Les quinze mélodies que Brahms consacra aux amours de Pierre de Provence et de la belle Maguelone ont la forme d’un cycle certes, mais pas vraiment celle d’un récit. En effet, les textes choisis par Brahms au sein de l’œuvre de Tieck ne constituent pas un histoire suivie, mais sont autant d’instantanés qui décrivent les états d’âme successifs du héros, sans réelle continuité. Dès lors, l’idée d’y ajouter un texte récité reliant ces épisodes entre eux est particulièrement judicieuse (elle paraît même nécessaire), qui permet de donner à l’ensemble le caractère d’un mélodrame sans rien trahir de la pensée de Brahms. Ce parti pris a en outre l’avantage d’élargir l’œuvre aux dimensions d’un concert entier (près de deux heures sans interruption) sans qu’il soit besoin de trouver une œuvre de complément. Et lorsque ces textes sont dits, plein de vie, d’humour et de mystère, par ce très grand comédien qu’est Ulrich Matthes, on suit le récit avec passion, à peu près comme une chanson de geste dont il a le caractère symbolique et la couleur délicieusement gothique.
Les mélodies viennent donc émailler ce récit, l’illustrer en quelque sorte, comme des enluminures tantôt épiques, tantôt courtoises et tantôt contemplatives. Soutenu par l’acoustique exceptionnelle de la grande salle du Mozarteum de Salzbourg, Matthias Goerne utilise la totalité de son registre expressif, qui est très large, jouant sur la dynamique du son, la couleur de la voix, les inflexions du texte, avec charme et précision, pour donner à l’ensemble une cohésion très convaincante. Si les graves sont resplendissants, comme on sait, impressionnant même de volume et de timbre, les aigus, lorsqu’il allège la voix, sont confondants de tendresse et de douceur, dont il use avec pudeur.

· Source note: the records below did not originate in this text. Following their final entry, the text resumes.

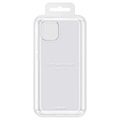 Capa Soft Clear EF-QA036TTEGEU para Samsung Galaxy A03 - Transparente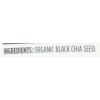 image365 by Whole Foods Market Organic Black Chia Seeds 15 OunceNutty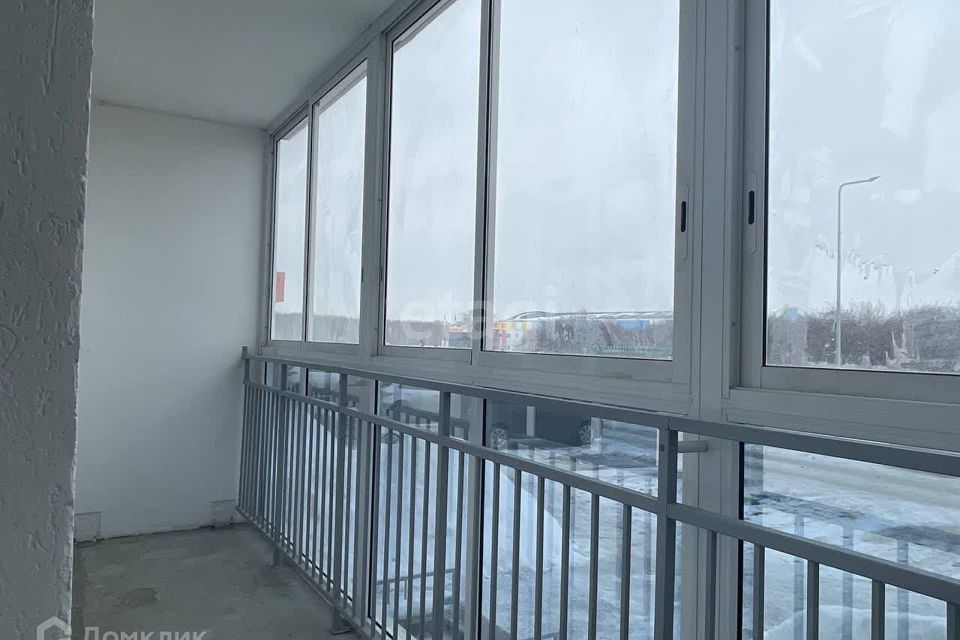 Продаётся 2-комнатная квартира, 57.6 м²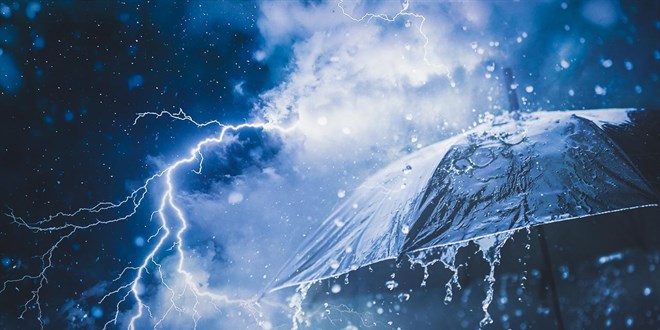 49 vilayet için ihtar: Sağanak, fırtına ve kar yağışı tesirli olacak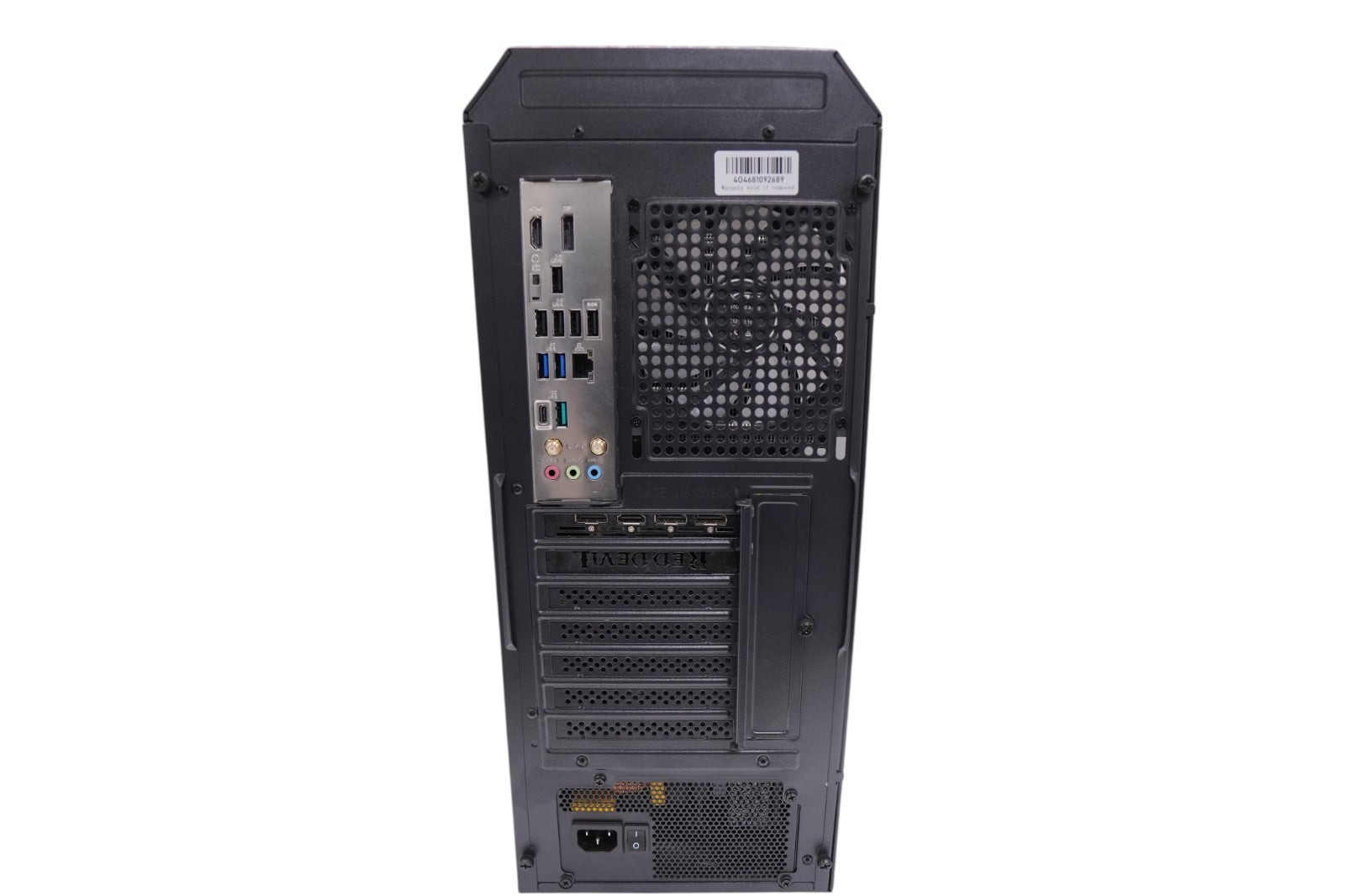 🎮🔥 Gaming PC – Ryzen 7 8700G | 32GB RAM | 1TB SSD | RX 5700 XT 8GB | Win11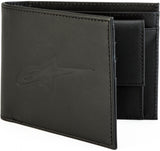 ALPINESTARS AGELESS LEATHER WALLET BLACK 1019-92100-10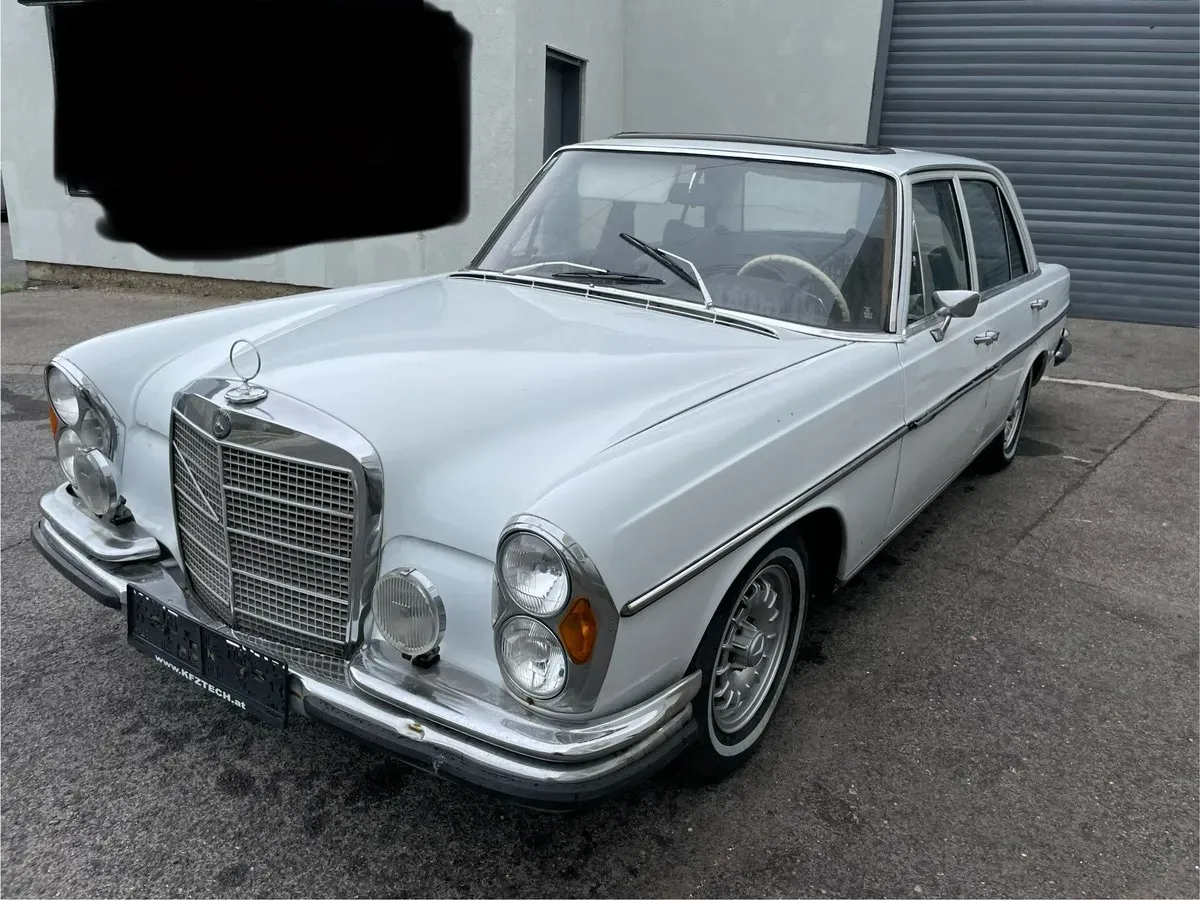 Mercedes-Benz Sonstige 1970 photo 2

Se faisant comédien autant que chanteur, il mime avec humour les sentiments qu’exprime le texte, bouge beaucoup, use de l’emphase avec discernement rendant le tout extrêmement vivant et varié, donnant sans cesse du sens à ce qu’il produit, s’appropriant l’œuvre entièrement pour la restituer magnifiée et la rendre réellement inoubliable.
Par ce travail à la fois minutieux et érudit, rendu avec un parfait naturel et des moyens vocaux exceptionnels, Goerne confirme, pour qui en douterait encore, son magnifique talent de récitaliste, au firmament de sa génération.
A ses côtés, aussi fluette qu’il est costaud, gainée dans un fourreau émeraude à dos nu particulièrement seyant, la jeune pianiste chinoise Yuja Wang, tout juste 30 ans, surtout connue jusqu’ici comme concertiste ou pour ses récitals en solo, est promue dans un nouveau rôle dont elle semble avoir d’emblée acquis l’essentiel. Avec une précision redoutable et beaucoup de soin, la virtuosité jamais prise en défaut, elle rend le texte de Brahms d’une façon très objective, laissant à son partenaire le soin d’apporter les éléments de subjectivité qu’il jugera opportuns, sans trop se mettre en avant, sauf lorsque la partition lui en donne l’occasion, dans le très beau postlude de la huitième mélodie par exemple, ou lorsqu’elle assure la transition entre texte parlé et lied en anticipant sur l’entrée du baryton. Le duo fonctionne bien, même si une réelle symbiose entre pianiste et chanteur, comme celle, exceptionnelle, que Goerne avait jadis avec Eric Schneider, ne s’acquiert qu’avec le temps.
Cette soirée inoubliable s’achève sur une salve particulièrement nourrie d’applaudissements, mais pas de bis, les artistes ne trouvant rien à ajouter à ce qui était déjà parfait.